(Captioned web image data)
──────────────────────────────

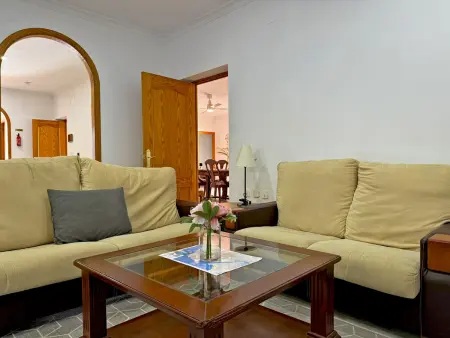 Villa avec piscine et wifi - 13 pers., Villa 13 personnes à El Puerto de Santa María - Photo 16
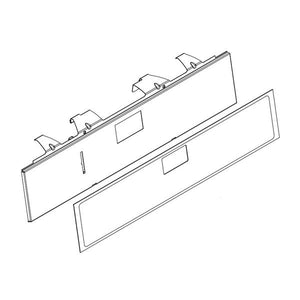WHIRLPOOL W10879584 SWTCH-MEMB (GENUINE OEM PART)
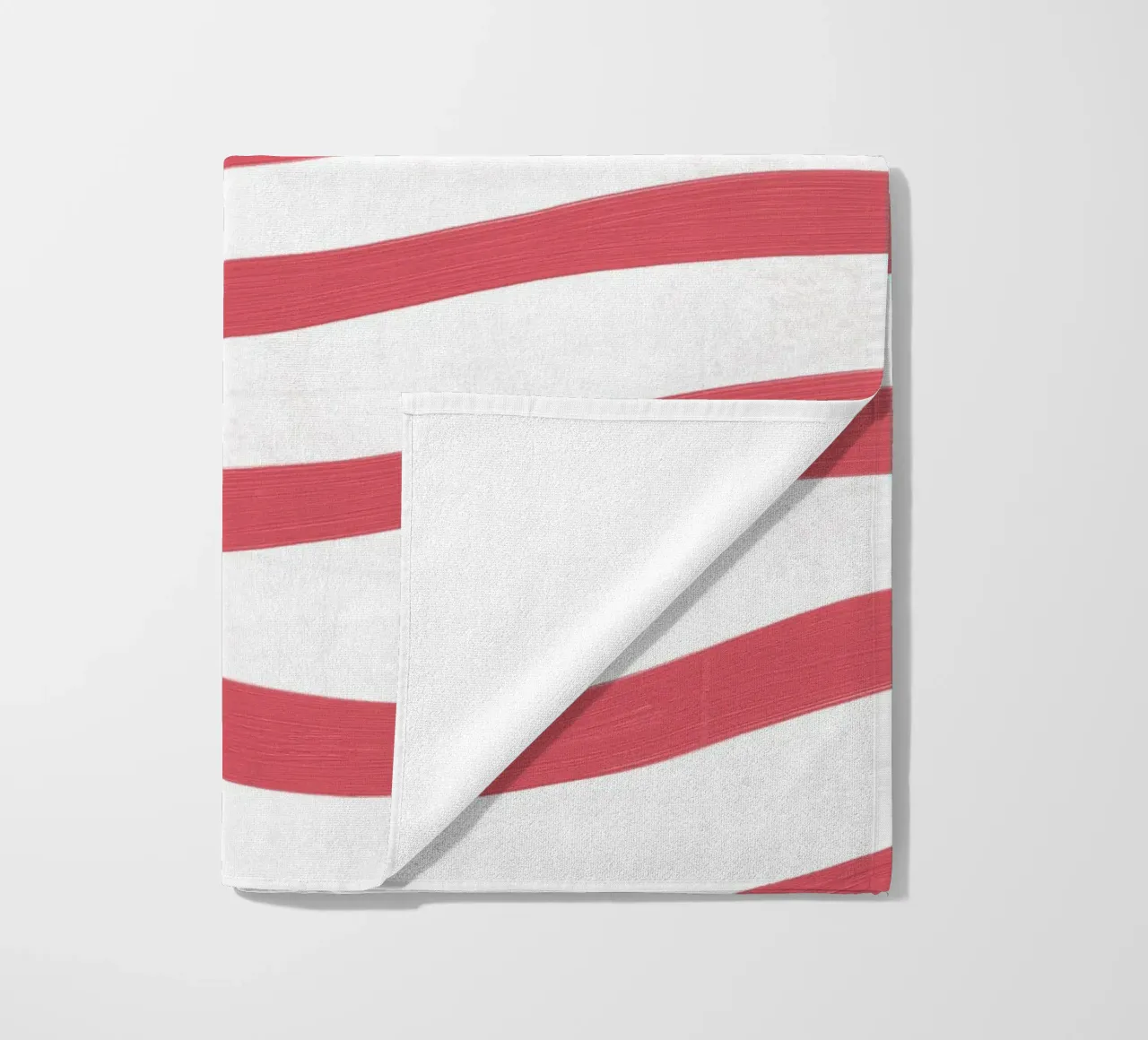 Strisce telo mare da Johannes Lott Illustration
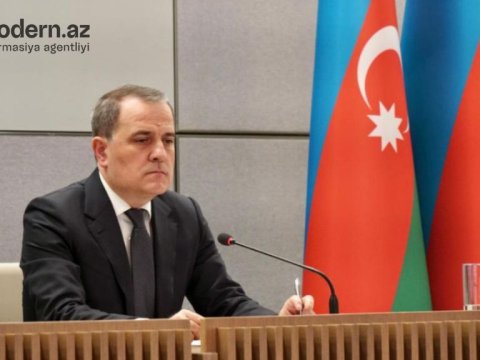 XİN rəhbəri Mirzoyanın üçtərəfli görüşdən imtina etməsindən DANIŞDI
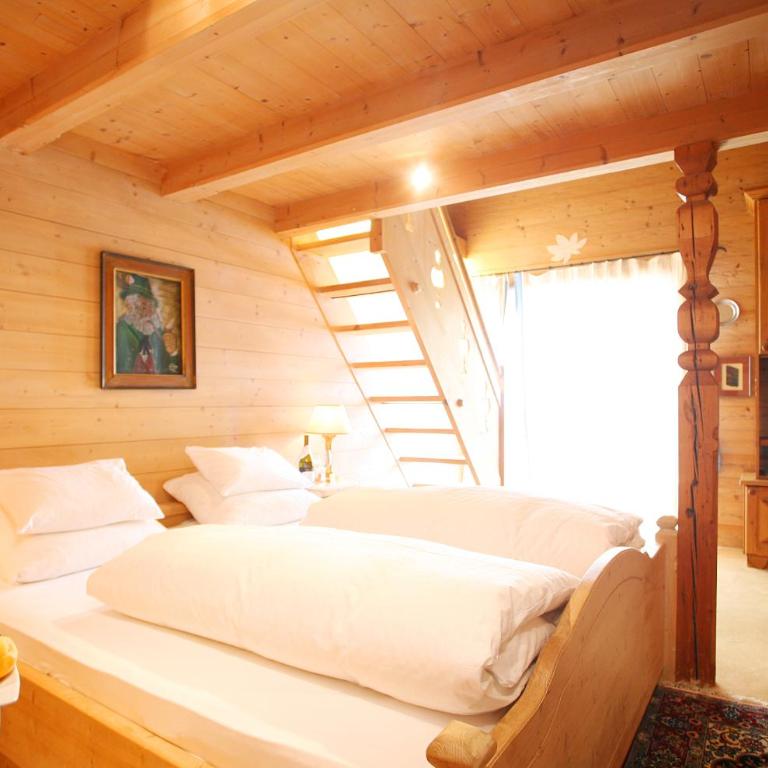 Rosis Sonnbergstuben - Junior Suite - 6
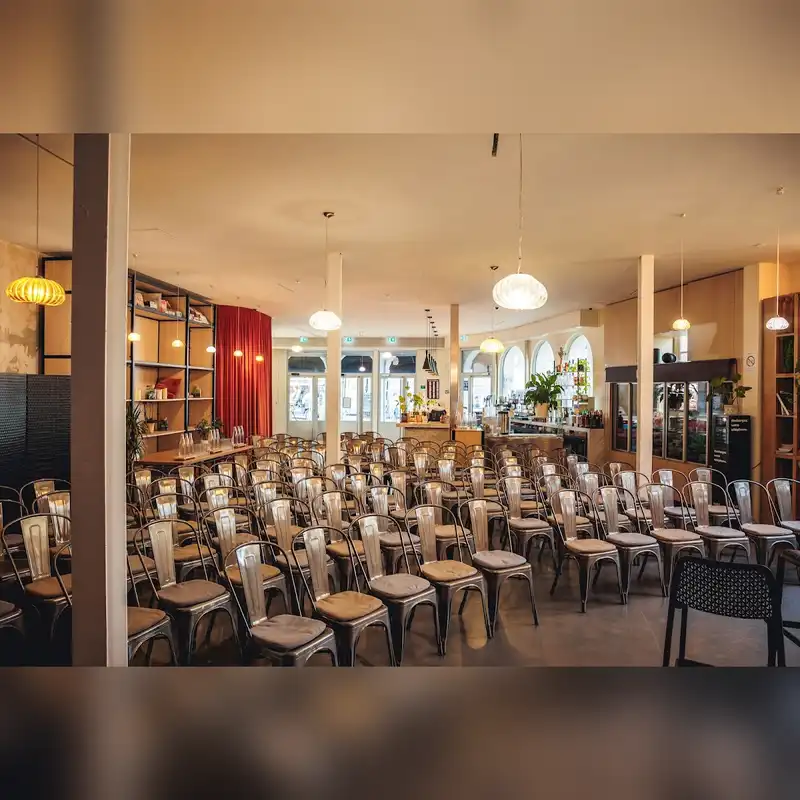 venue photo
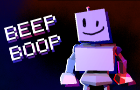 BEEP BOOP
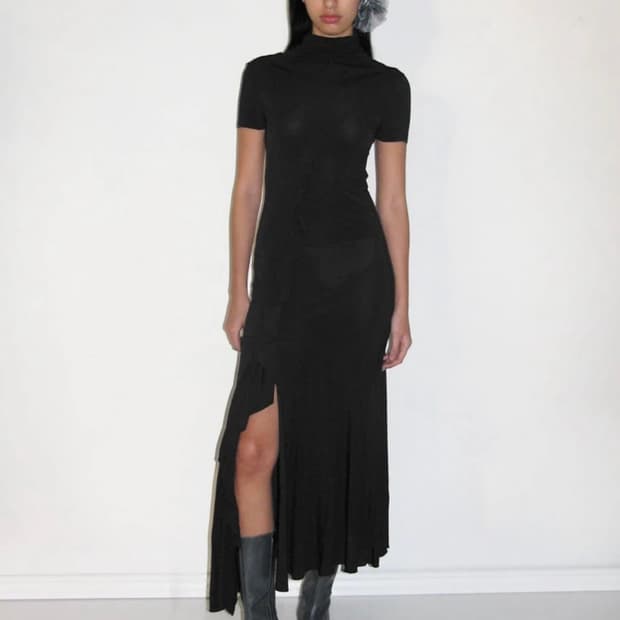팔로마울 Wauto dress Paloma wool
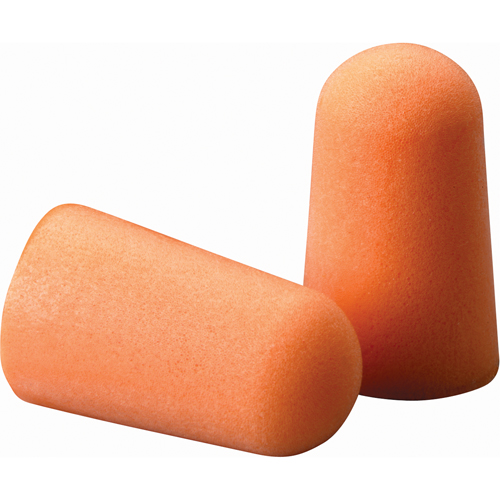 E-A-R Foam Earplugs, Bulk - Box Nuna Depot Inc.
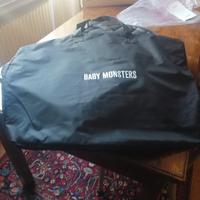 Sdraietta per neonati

──────────────────────────────

> **Problem requirements**:
Exact copy, no pictures: reproduce every record as it stands.

> **Result below**:
 Villa avec piscine et wifi - 13 pers., Villa 13 personnes à El Puerto de Santa María - Photo 16
WHIRLPOOL W10879584 SWTCH-MEMB (GENUINE OEM PART)
 Strisce telo mare da Johannes Lott Illustration
 XİN rəhbəri Mirzoyanın üçtərəfli görüşdən imtina etməsindən DANIŞDI
 Rosis Sonnbergstuben - Junior Suite - 6
 venue photo
 BEEP BOOP
팔로마울 Wauto dress Paloma wool
 E-A-R Foam Earplugs, Bulk - Box Nuna Depot Inc.
 Sdraietta per neonati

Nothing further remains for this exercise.